When you restate the records, do so word for word and omit any picture they contain.

--- EXTRACTED INFORMATION Enclosed Below ---

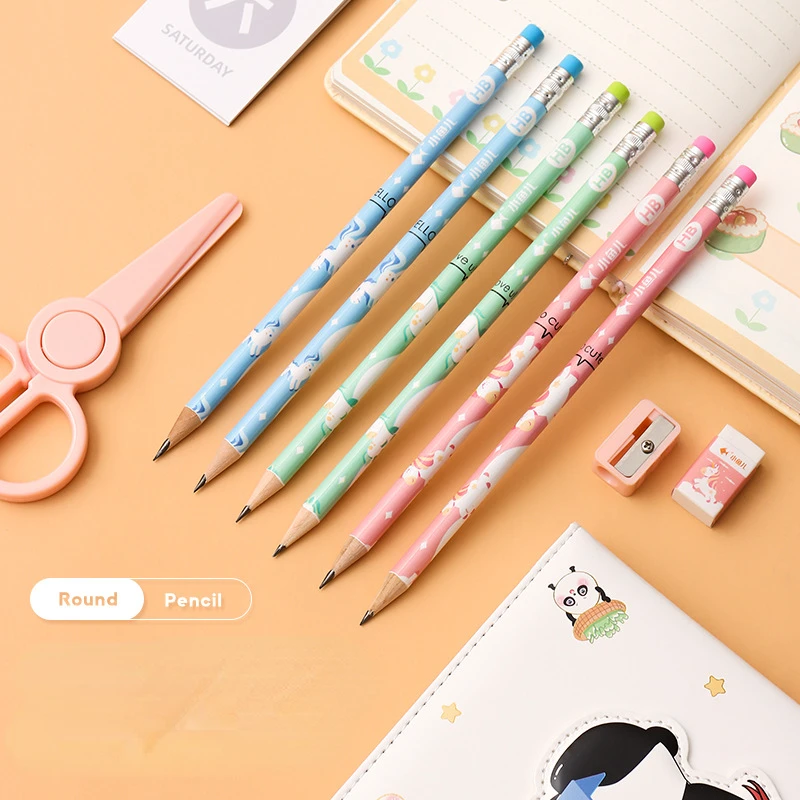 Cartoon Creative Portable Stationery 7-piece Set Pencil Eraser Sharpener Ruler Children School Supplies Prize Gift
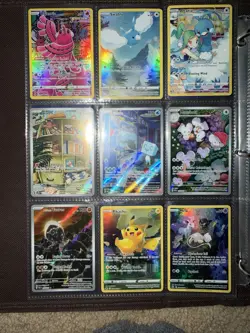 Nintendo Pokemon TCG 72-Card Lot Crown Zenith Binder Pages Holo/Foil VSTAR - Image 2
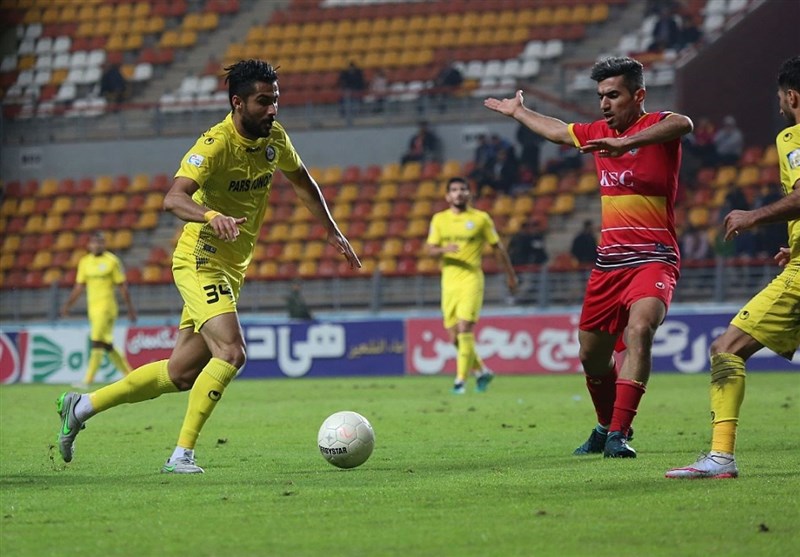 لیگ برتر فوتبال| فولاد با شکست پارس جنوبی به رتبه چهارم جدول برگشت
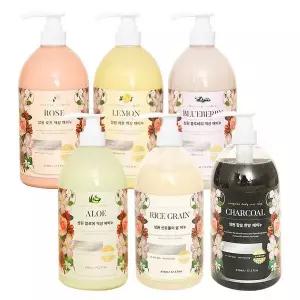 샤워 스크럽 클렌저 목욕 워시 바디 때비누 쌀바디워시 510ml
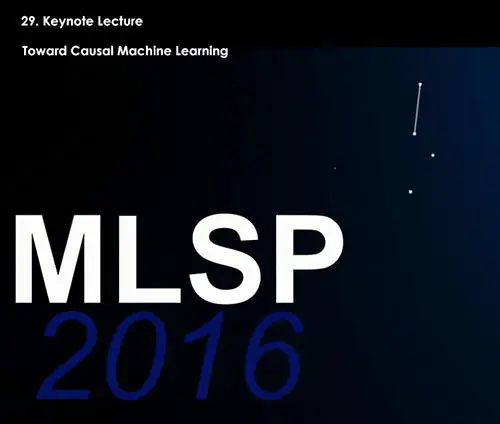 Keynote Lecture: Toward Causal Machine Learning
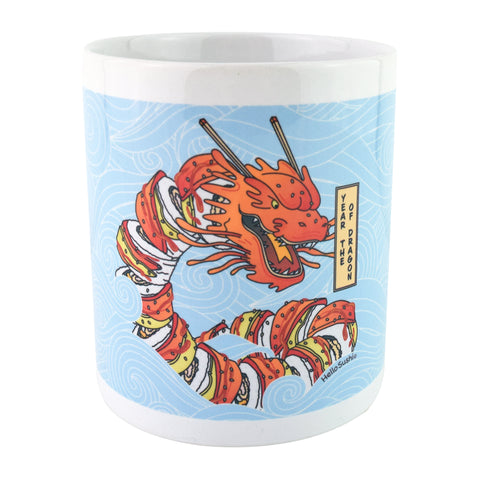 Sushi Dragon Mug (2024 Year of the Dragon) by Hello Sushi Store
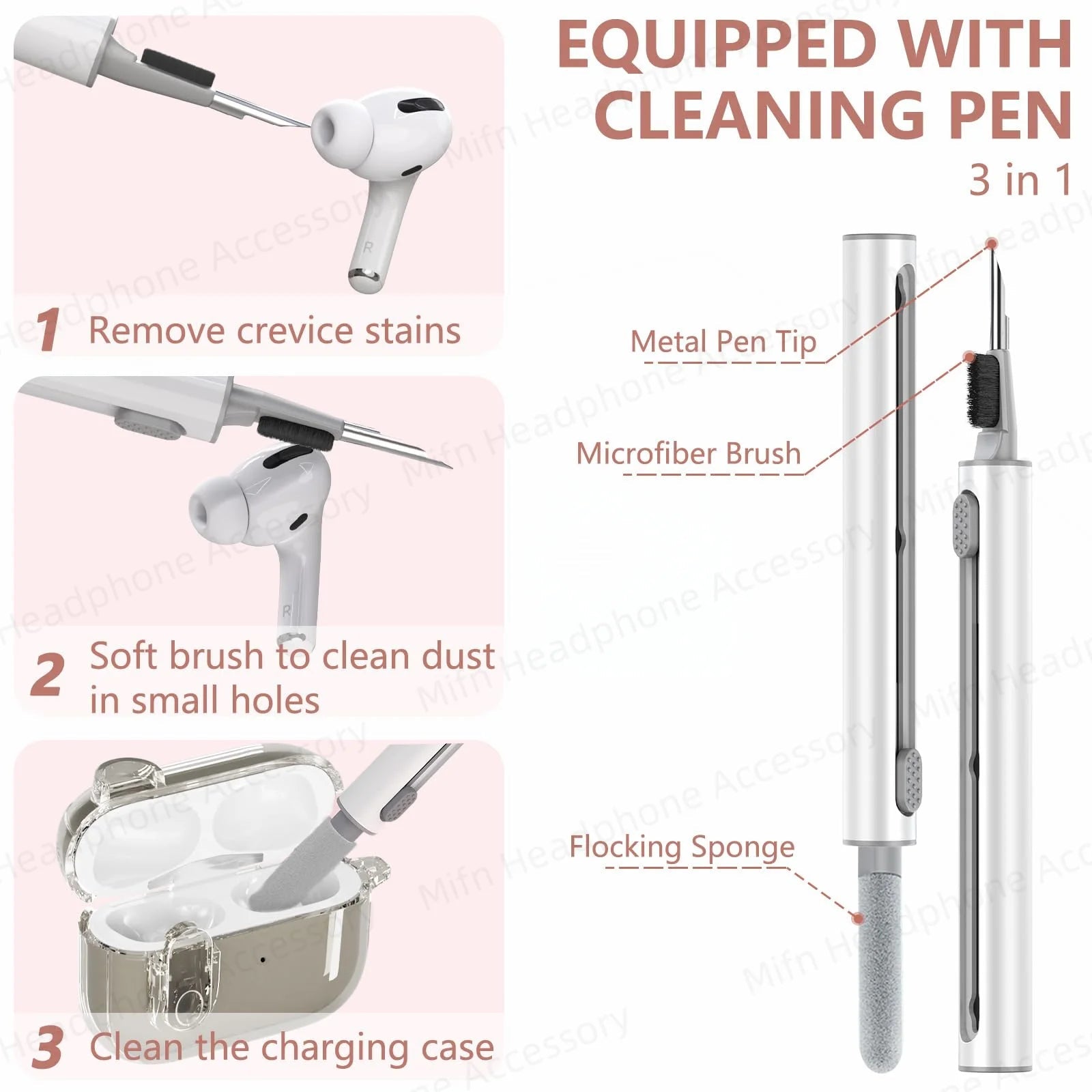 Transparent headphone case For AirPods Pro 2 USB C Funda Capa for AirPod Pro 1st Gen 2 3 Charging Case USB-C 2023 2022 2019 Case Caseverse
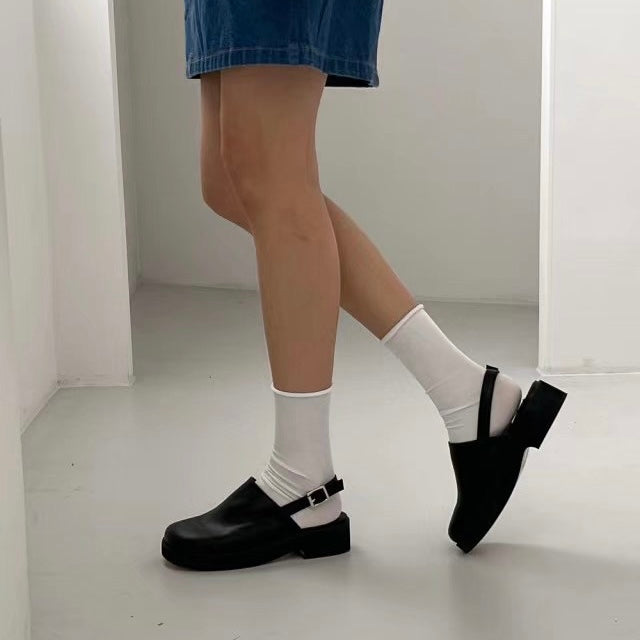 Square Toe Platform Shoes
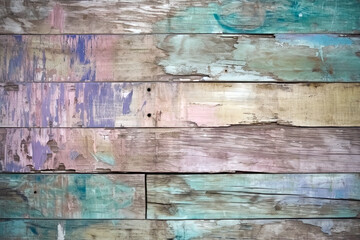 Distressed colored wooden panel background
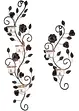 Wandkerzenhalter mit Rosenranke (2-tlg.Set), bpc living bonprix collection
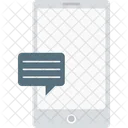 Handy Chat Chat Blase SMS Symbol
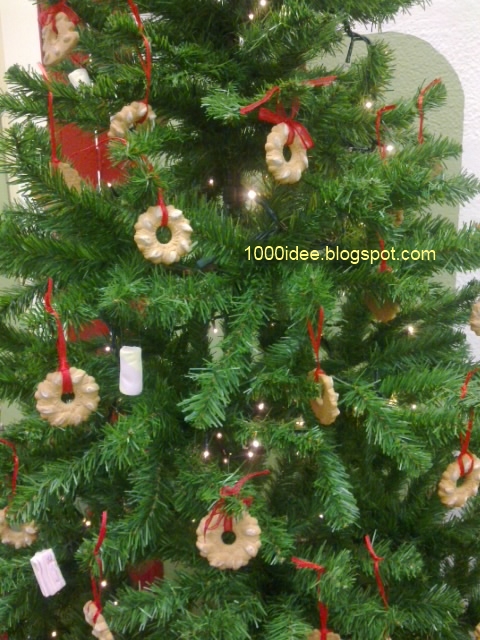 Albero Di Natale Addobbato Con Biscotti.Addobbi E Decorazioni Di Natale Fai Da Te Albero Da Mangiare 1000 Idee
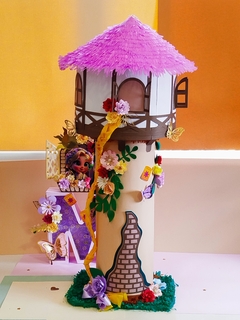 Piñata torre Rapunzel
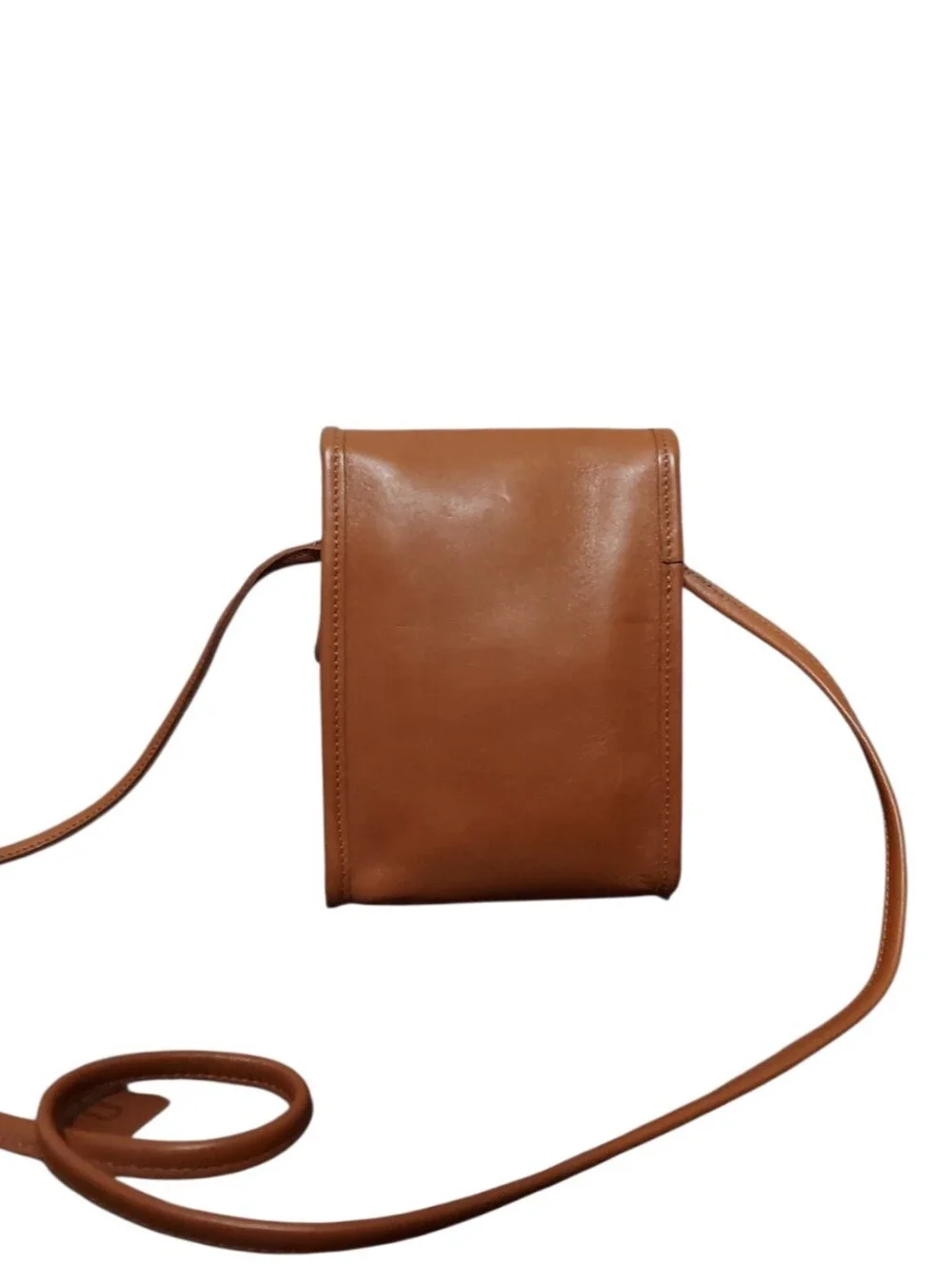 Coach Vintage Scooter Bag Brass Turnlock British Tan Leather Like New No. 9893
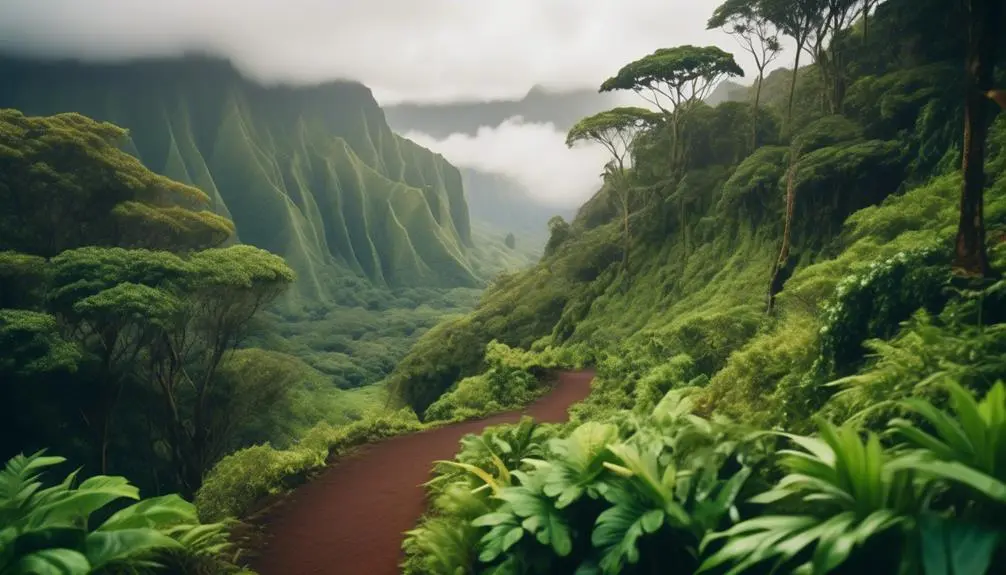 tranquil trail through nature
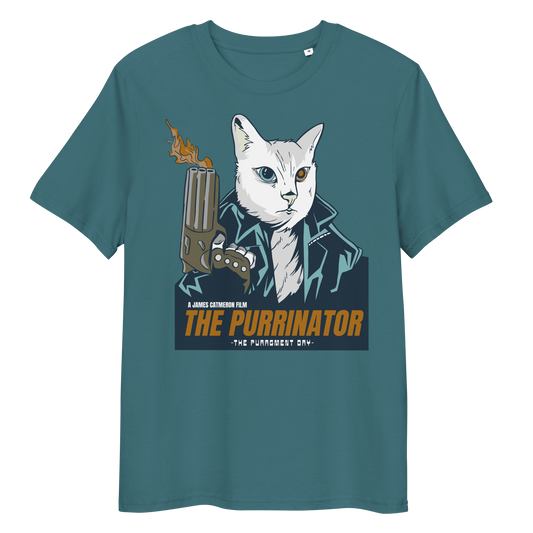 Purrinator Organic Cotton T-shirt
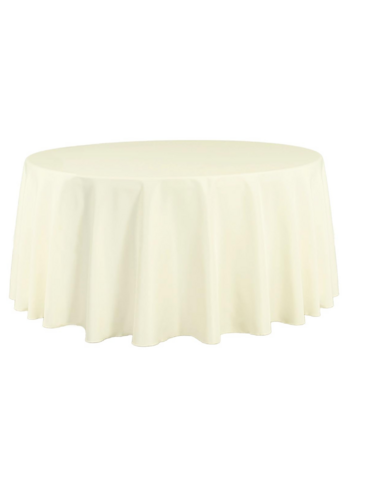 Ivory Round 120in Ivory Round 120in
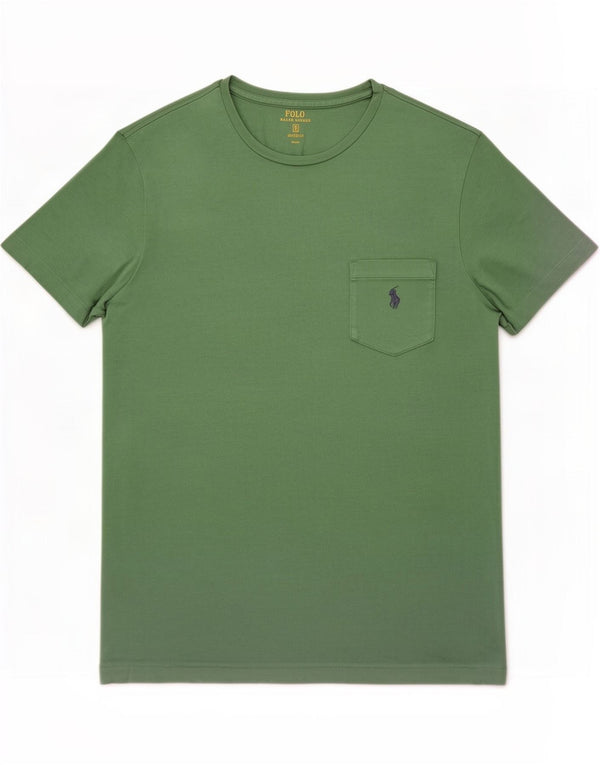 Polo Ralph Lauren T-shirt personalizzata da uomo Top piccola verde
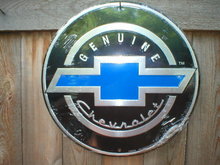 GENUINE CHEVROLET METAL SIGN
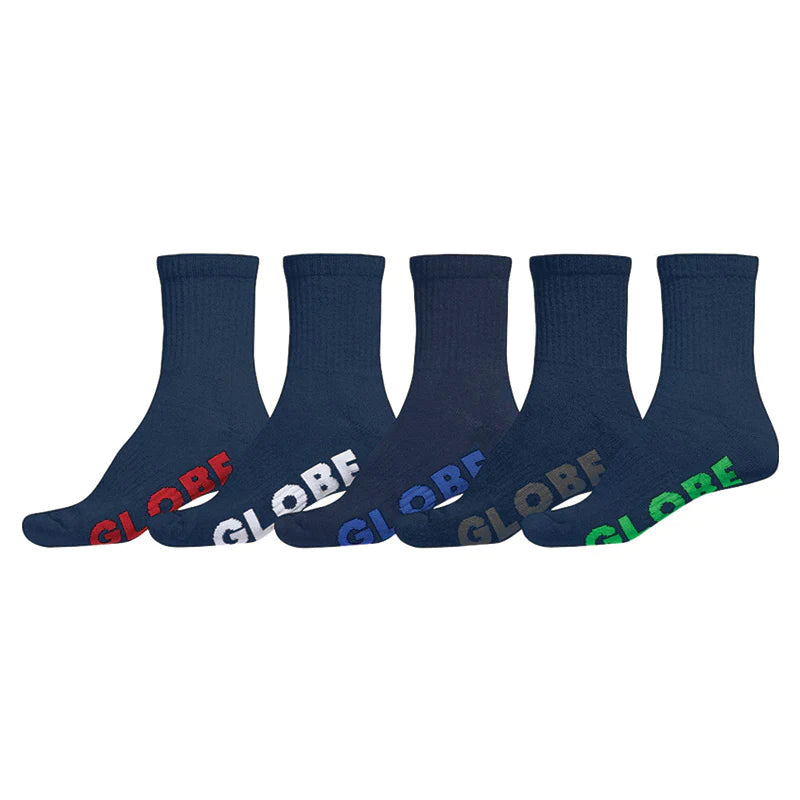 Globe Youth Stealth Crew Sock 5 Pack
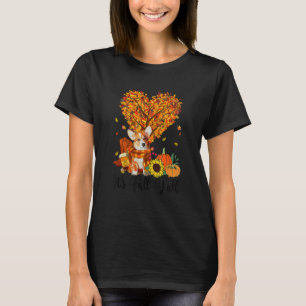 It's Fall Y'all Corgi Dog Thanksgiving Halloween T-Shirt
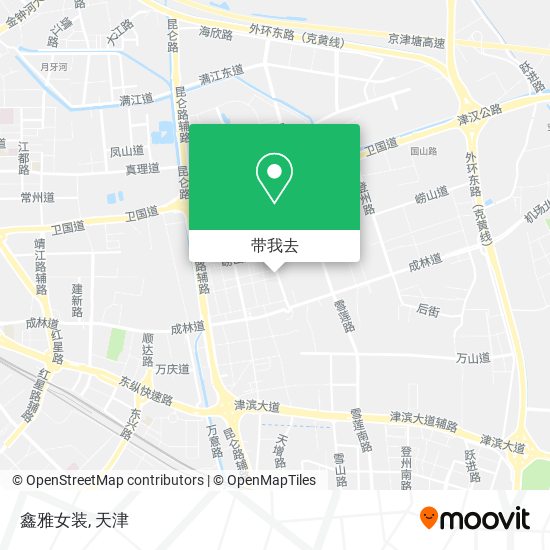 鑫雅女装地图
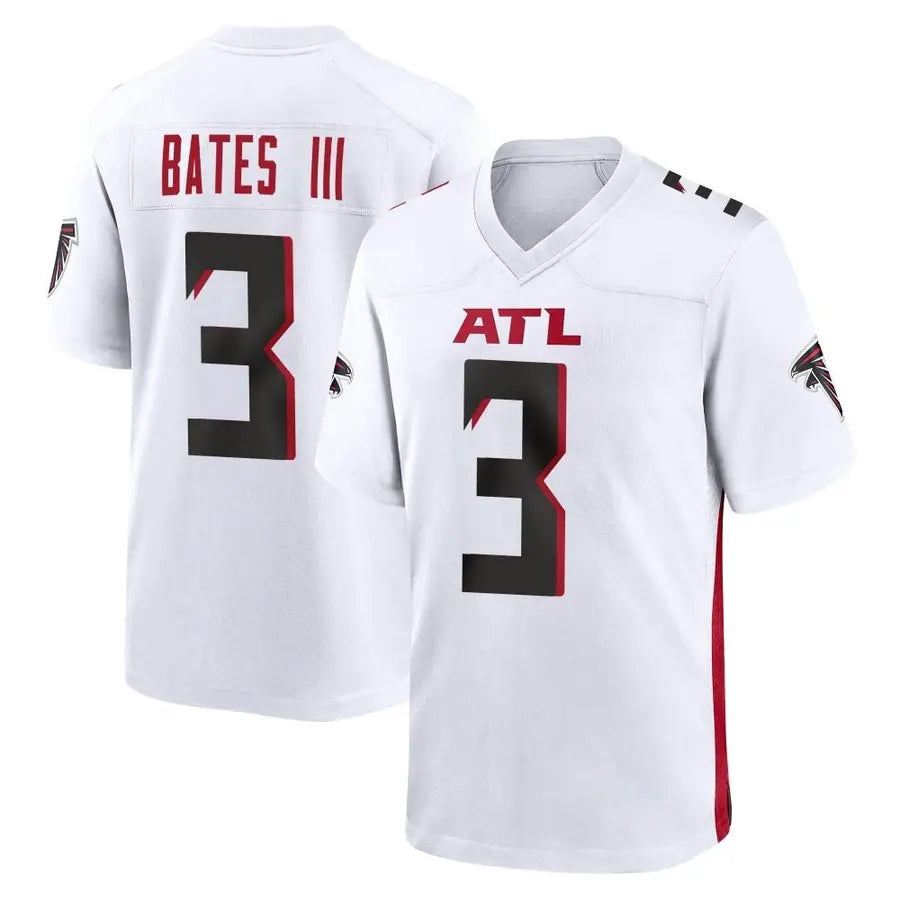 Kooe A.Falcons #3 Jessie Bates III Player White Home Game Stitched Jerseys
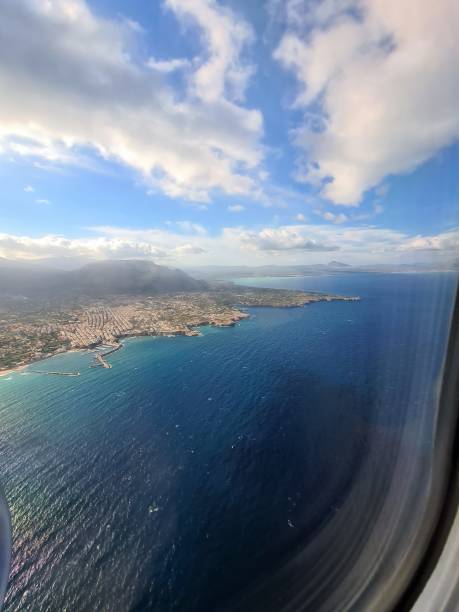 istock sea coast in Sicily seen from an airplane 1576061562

--- End of Enclosed EXTRACTED INFORMATION ---

EXPECTED OUTPUT.
 Cartoon Creative Portable Stationery 7-piece Set Pencil Eraser Sharpener Ruler Children School Supplies Prize Gift
 Nintendo Pokemon TCG 72-Card Lot Crown Zenith Binder Pages Holo/Foil VSTAR - Image 2
 لیگ برتر فوتبال| فولاد با شکست پارس جنوبی به رتبه چهارم جدول برگشت
 샤워 스크럽 클렌저 목욕 워시 바디 때비누 쌀바디워시 510ml
 Keynote Lecture: Toward Causal Machine Learning
 Sushi Dragon Mug (2024 Year of the Dragon) by Hello Sushi Store
 Transparent headphone case For AirPods Pro 2 USB C Funda Capa for AirPod Pro 1st Gen 2 3 Charging Case USB-C 2023 2022 2019 Case Caseverse
 Square Toe Platform Shoes
 Distressed colored wooden panel background
 Wandkerzenhalter mit Rosenranke (2-tlg.Set), bpc living bonprix collection
 Handy Chat Chat Blase SMS Symbol
 Albero Di Natale Addobbato Con Biscotti.Addobbi E Decorazioni Di Natale Fai Da Te Albero Da Mangiare 1000 Idee
 Piñata torre Rapunzel
 Coach Vintage Scooter Bag Brass Turnlock British Tan Leather Like New No. 9893
 tranquil trail through nature
 Purrinator Organic Cotton T-shirt
 Ivory Round 120in Ivory Round 120in
 Polo Ralph Lauren T-shirt personalizzata da uomo Top piccola verde
 GENUINE CHEVROLET METAL SIGN
 Globe Youth Stealth Crew Sock 5 Pack
 It's Fall Y'all Corgi Dog Thanksgiving Halloween T-Shirt
 鑫雅女装地图
 Kooe A.Falcons #3 Jessie Bates III Player White Home Game Stitched Jerseys
 istock sea coast in Sicily seen from an airplane 1576061562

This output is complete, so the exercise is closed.